Logo, logo, Marcelo sentiu-se alegre, solto... Toda a sua preocupação sumiu e, com ela, seus

reflexos, sentido de direção... discernimento... Sentia como se sempre

tivesse pertencido àquele grupo. Meio atordoado, as vozes pareciam vir de longe... pedaços de

frases...

- As ondas estavam pequenas, mas abrindo uma boa parede pras manobras...

- As ondas estavam show... o tubo veio na hora certa...

- Chegou uma frente fria... eu logo vi que as ondas iam pra mais de 2 metros!

- Em Sunset... Eta praia pra dar susto na gente! Passei o maior sufoco! Perdi minha prancha

num mar grande e imperfeito... séries que chegavam a 15 pés...

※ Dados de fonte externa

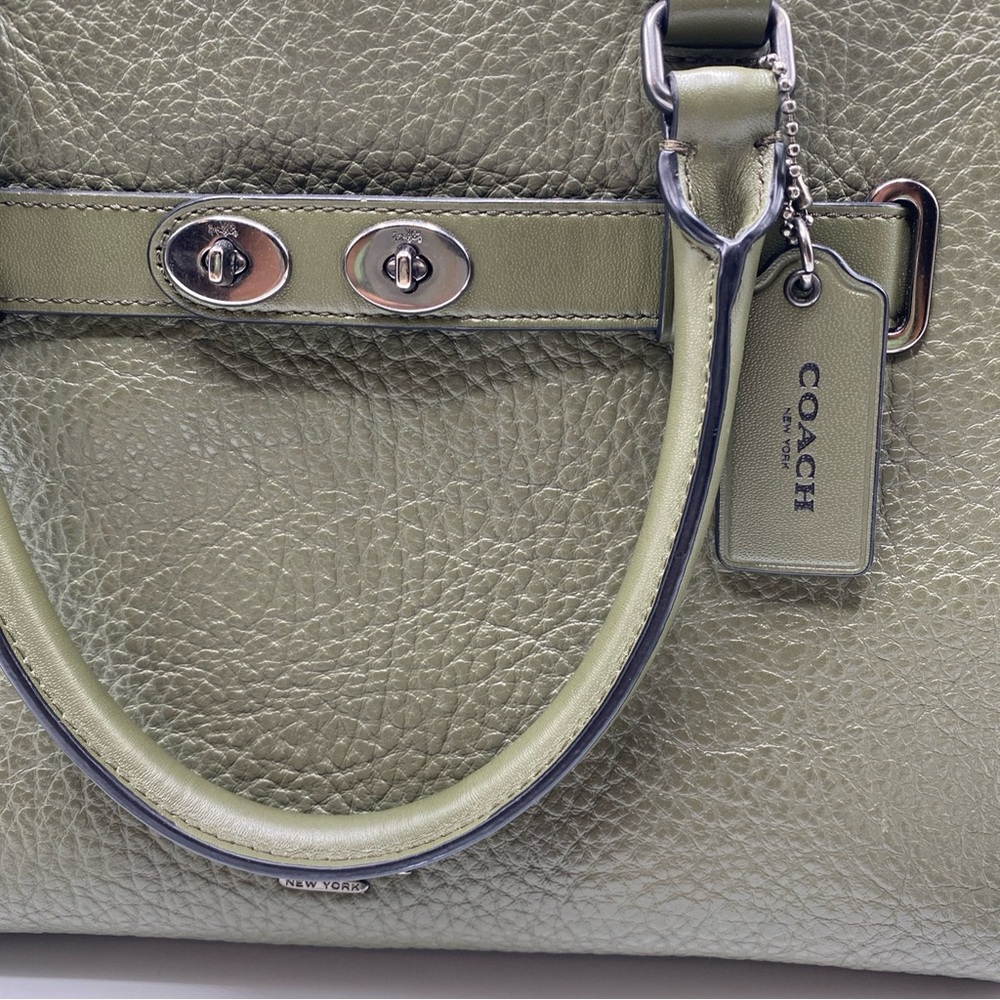 COACH Swagger 21 Carryall Top Handle Crossbody Bag Purse ARMY GREEN - Picture 2 of 7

De repente, pensamentos estranhos, caindo para o erótico, passaram pela cabeça de Marcelo:

"Nunca pensei que o fogo queimando a lenha pudesse ser tão bonito! A labareda vermelha

lambendo o tronco, abraçando... quente... excitante..."

Como todos precisavam levantar-se cedo para o treino, algum tempo depois despediram-se:

- "Vamo vaza", maninho - chamou Carlos. Marcelo levantou-se cambaleante e rindo sem parar,

o que o desequilibrava ainda mais. Quem disse que conseguia andar em linha reta? Carlos teve

de guiá-lo até a caminhonete.

- Não sabia que essa praia era tão, grande... que vontade de um sorvetão com calda de

chocolate quente... escorrendo... que sede...! - dizia Marcelo.

- Chapadão, hein, amigo? Acho que você nunca tinha puxado um béqui... Só não sei o que sua

irmã vai pensar disso... - comentou Carlos. E pensou: "O pior é que pode

sobrar pra mim!"

Por sorte, quando Marcelo chegou em casa, sua avó e as meninas dormiam profundamente.

Ele entrou e foi direto atacar a geladeira, sem perceber que se esquecera de

trancar a porta da frente.

20 A surpresa

No domingo, Marcelo levantou-se mais cedo do que de costume. Não dormira muito bem,

preocupado com a bobagem que cometera na noite anterior.

"Eu nem gosto de fumar... Só pra não passar por maricás... merda!"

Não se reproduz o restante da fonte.